Aim of the exercise:
In the records below, find the line that contains "Mochilas con ruedas" and the line that contains "USB-C aljzat (Ninja e-1)"; write out exactly those two lines and everything between them, without the pictures.
*** Entries shown
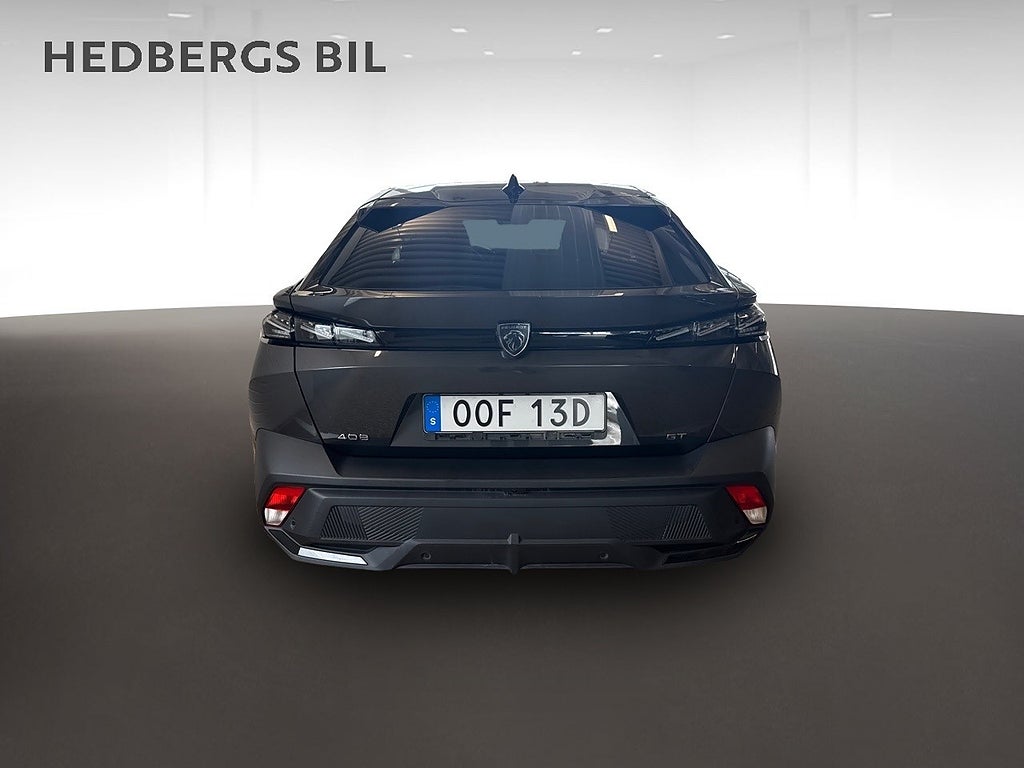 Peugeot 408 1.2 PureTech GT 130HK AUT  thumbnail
******
*** Entries shown
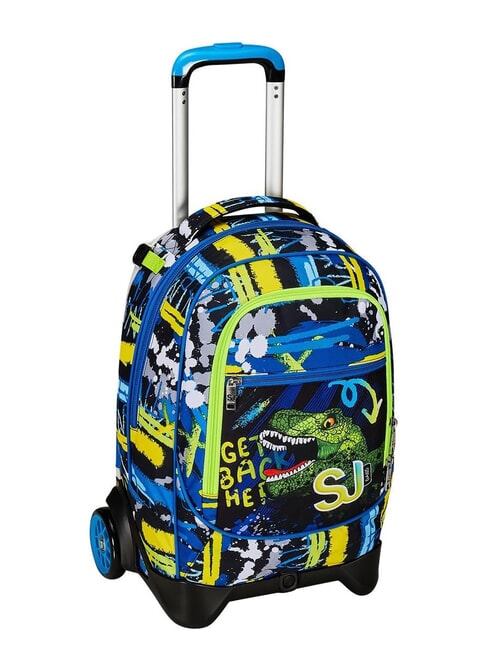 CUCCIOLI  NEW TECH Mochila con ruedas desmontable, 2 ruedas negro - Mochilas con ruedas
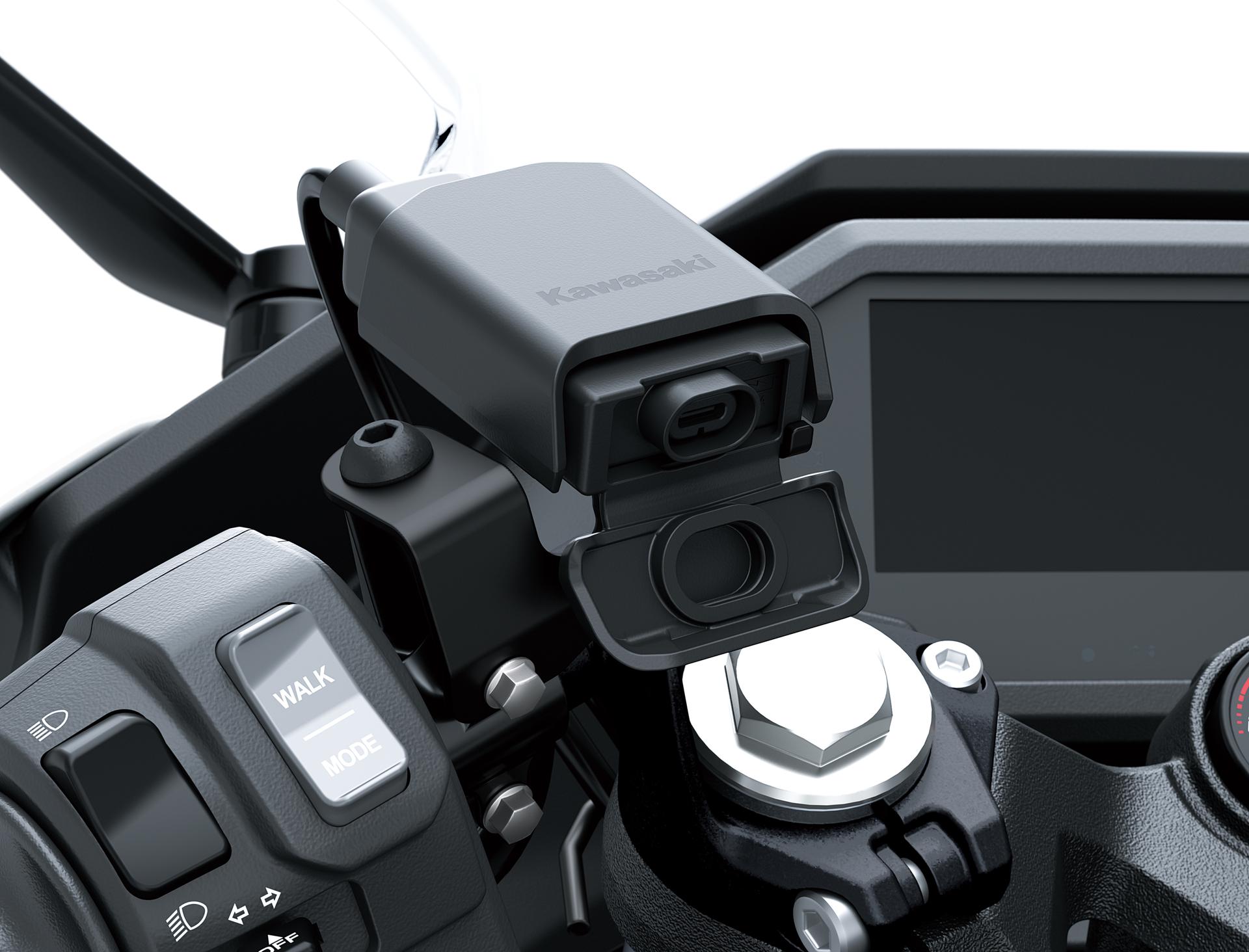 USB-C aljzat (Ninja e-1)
******
Output for this exercise:
 CUCCIOLI  NEW TECH Mochila con ruedas desmontable, 2 ruedas negro - Mochilas con ruedas
 USB-C aljzat (Ninja e-1)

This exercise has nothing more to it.